I'd ask you to write out the lines below exactly, with no images.

....

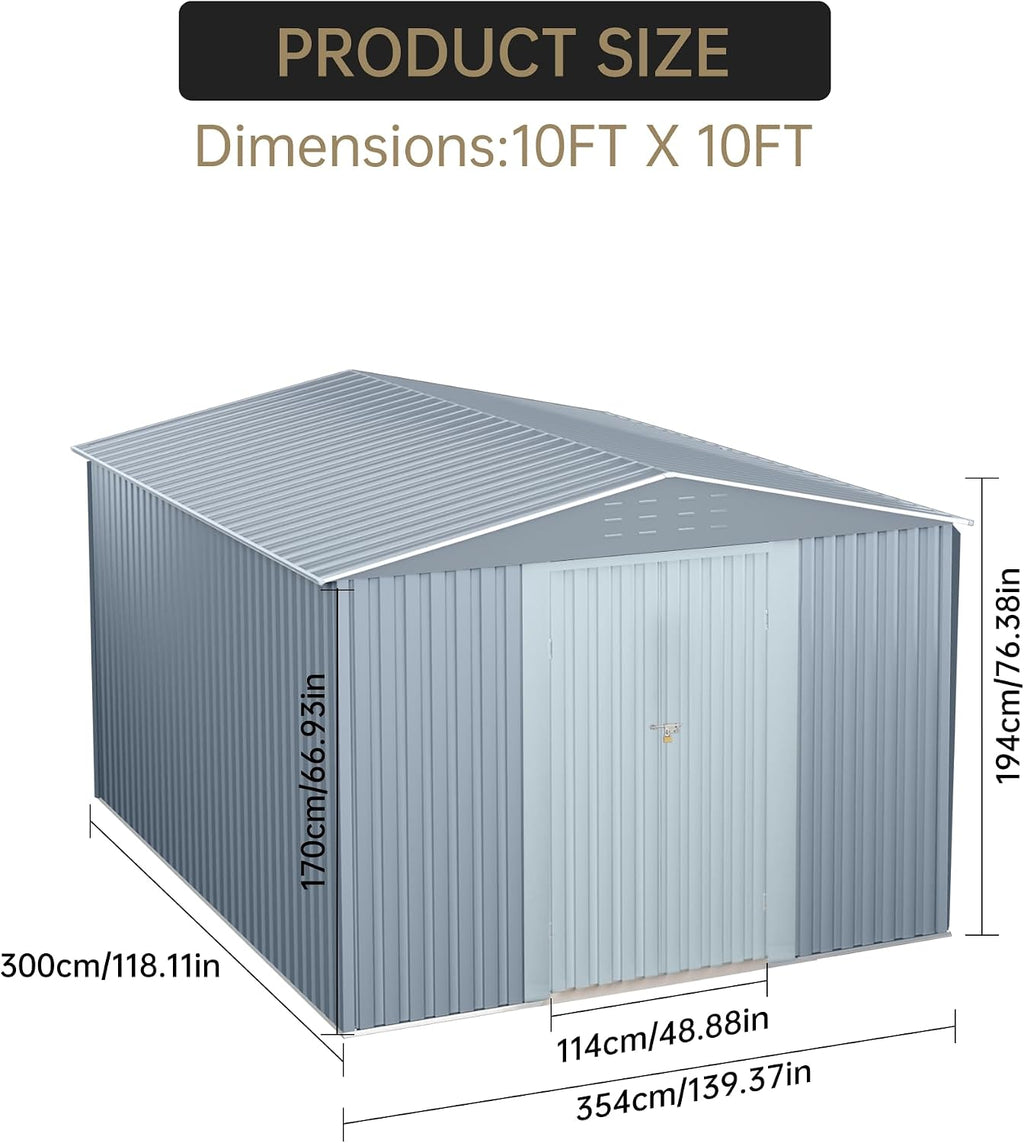 Outdoor Storage Shed,10x10 FT Large Garden Shed,Large Metal Tool Sheds with Sloping Roof and Vents,Updated Reinforced and Lockable Doors Frame Metal Storage Shed for Patio for Backyard,Patio,Garage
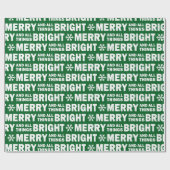 Christmas Gift Wrap | Merry and Bright Green White Geschenkpapier (Flach)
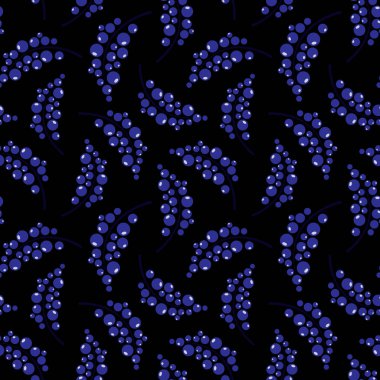 Siyah arkaplanda böğürtlen dalları olan vektörsüz desen; kumaş, duvar kağıdı, ambalaj kağıdı, tekstil, web tasarımı için soyut böğürtlen tasarımı.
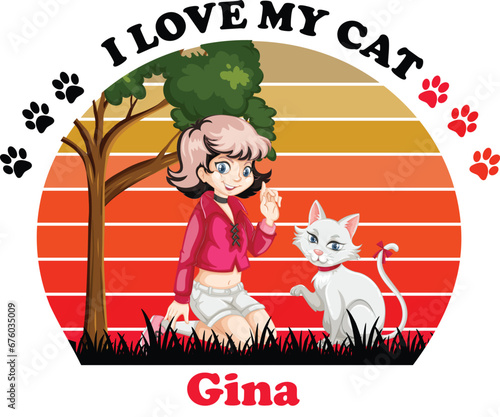 Gina Is My Cute Cat, Cat name t-shirt Design photo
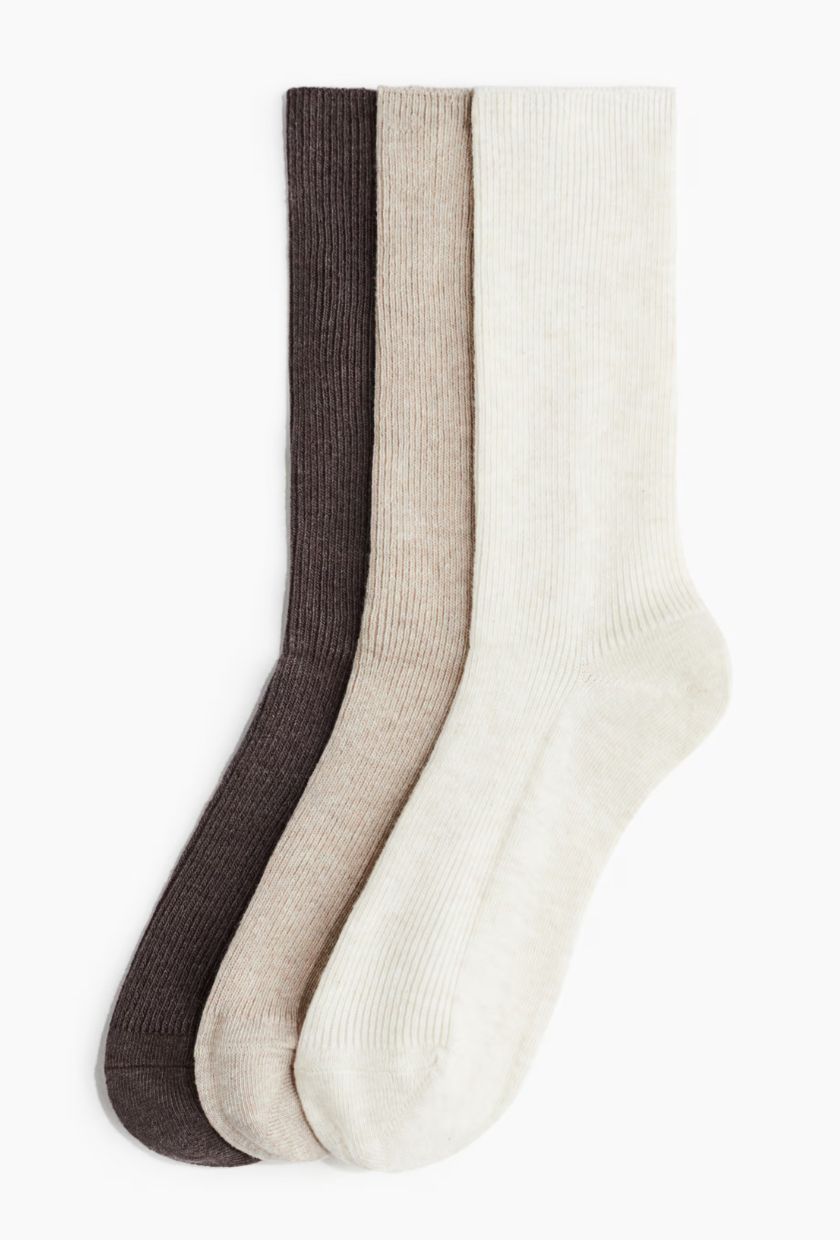 H&amp;M, 3-pack ribbed socks
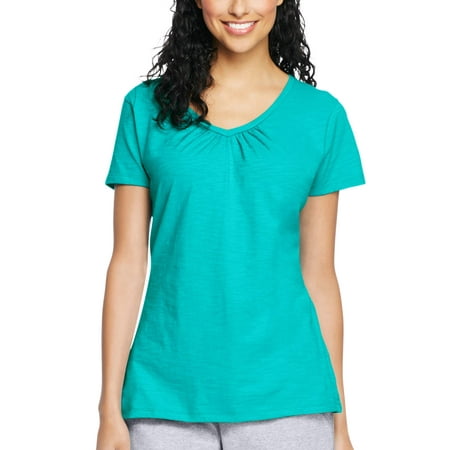 - Women's Slub Jersey Shirred V-Neck T Shirt
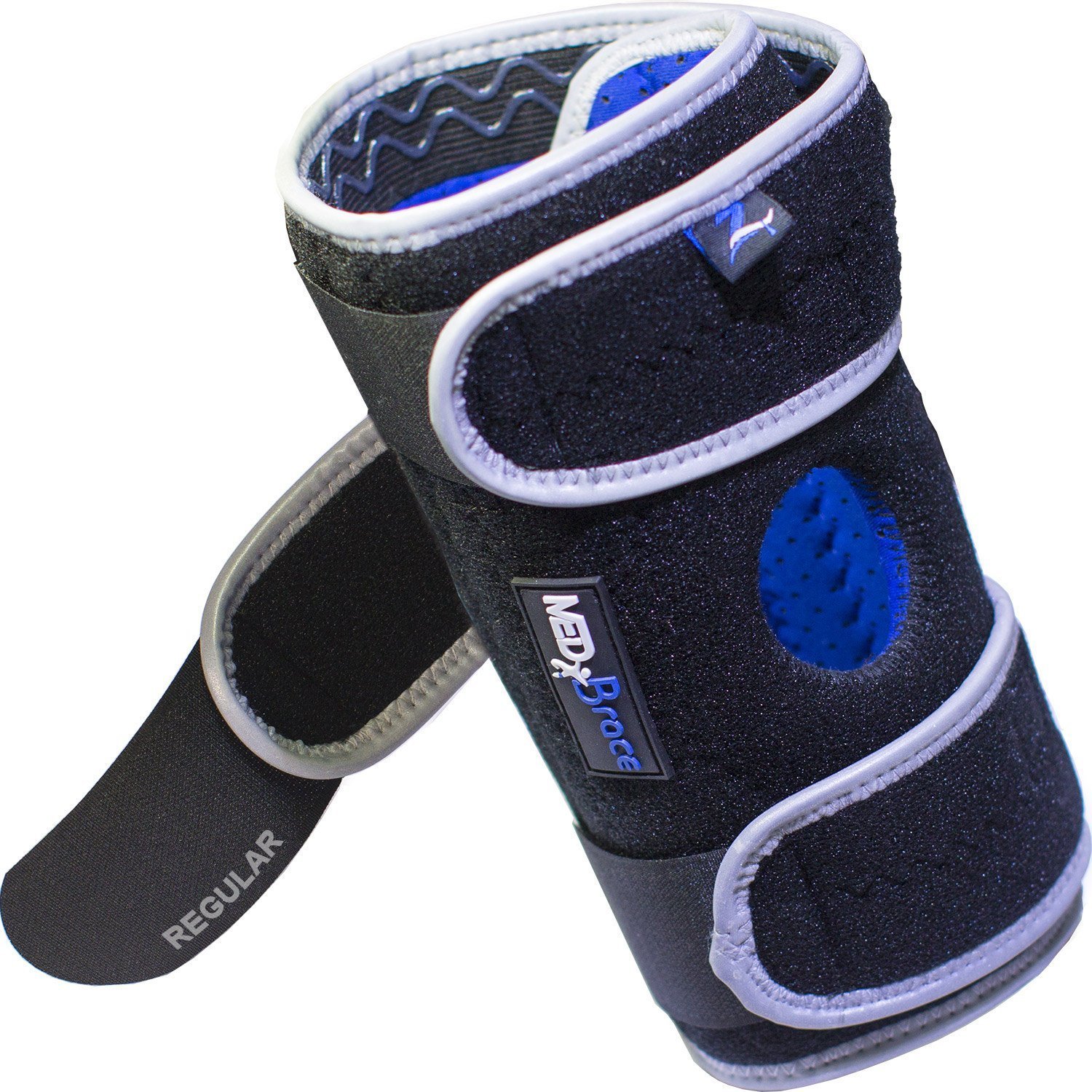 MEDiBrace Runners Knee Support Brace Quad-Core Spring with Open Patella for Pain Relief from Arthritis and Recovery with Anti-Slip (Regular Size - Under 18" Circumference)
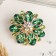 Brooch "Flower" chrysanthemum, green color in gold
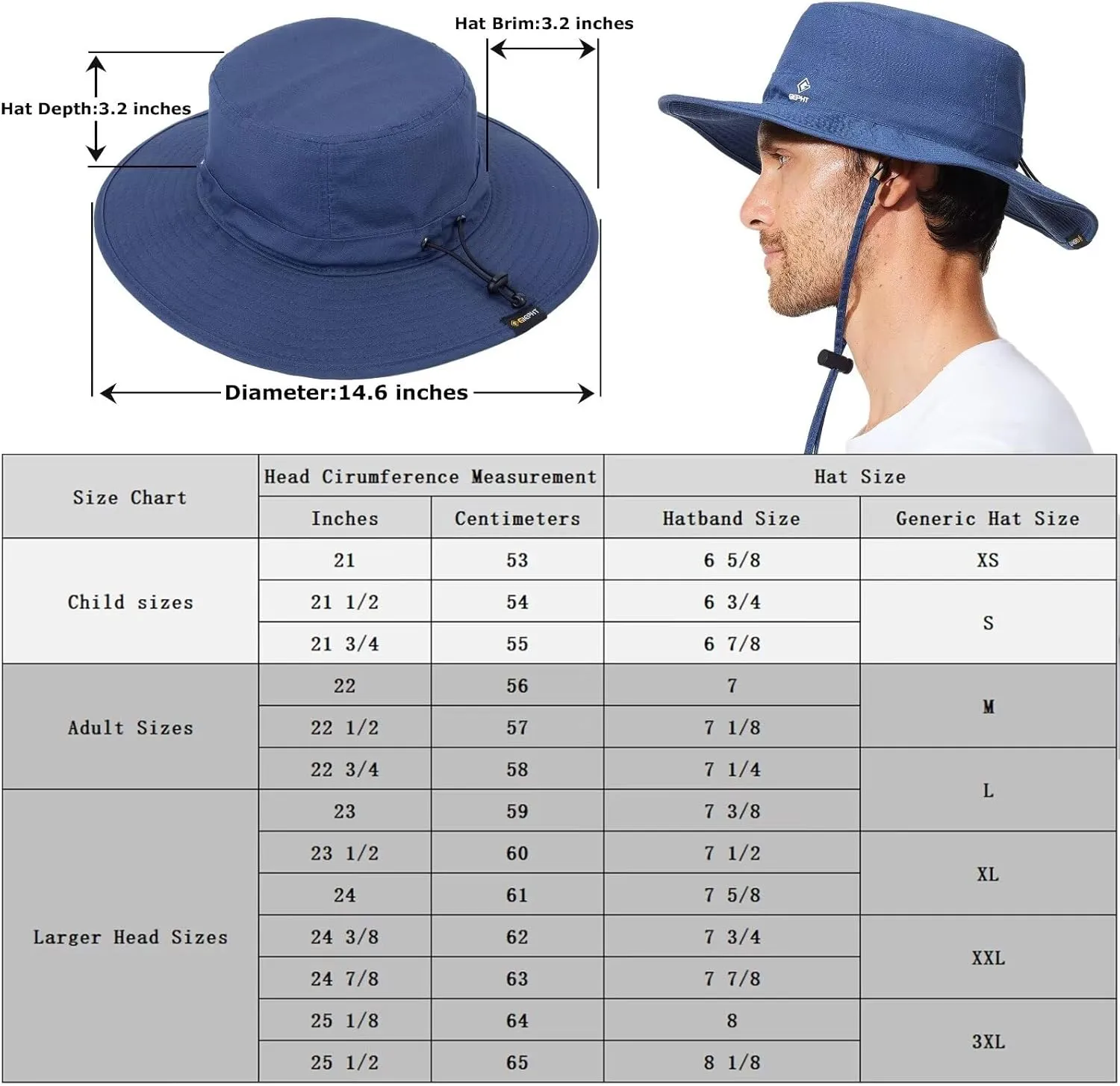 Fishing Hat for Mens Sun Hat Wide Brim Bucket Hat SPF UV Protection XL XXL Large Size Big Head Hiking Beach Safari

....

- **Solution below**
 Outdoor Storage Shed,10x10 FT Large Garden Shed,Large Metal Tool Sheds with Sloping Roof and Vents,Updated Reinforced and Lockable Doors Frame Metal Storage Shed for Patio for Backyard,Patio,Garage
 Christmas Gift Wrap | Merry and Bright Green White Geschenkpapier (Flach)
 Siyah arkaplanda böğürtlen dalları olan vektörsüz desen; kumaş, duvar kağıdı, ambalaj kağıdı, tekstil, web tasarımı için soyut böğürtlen tasarımı.
 Gina Is My Cute Cat, Cat name t-shirt Design photo
 H&amp;M, 3-pack ribbed socks
 - Women's Slub Jersey Shirred V-Neck T Shirt
 MEDiBrace Runners Knee Support Brace Quad-Core Spring with Open Patella for Pain Relief from Arthritis and Recovery with Anti-Slip (Regular Size - Under 18" Circumference)
 Brooch "Flower" chrysanthemum, green color in gold
 Fishing Hat for Mens Sun Hat Wide Brim Bucket Hat SPF UV Protection XL XXL Large Size Big Head Hiking Beach Safari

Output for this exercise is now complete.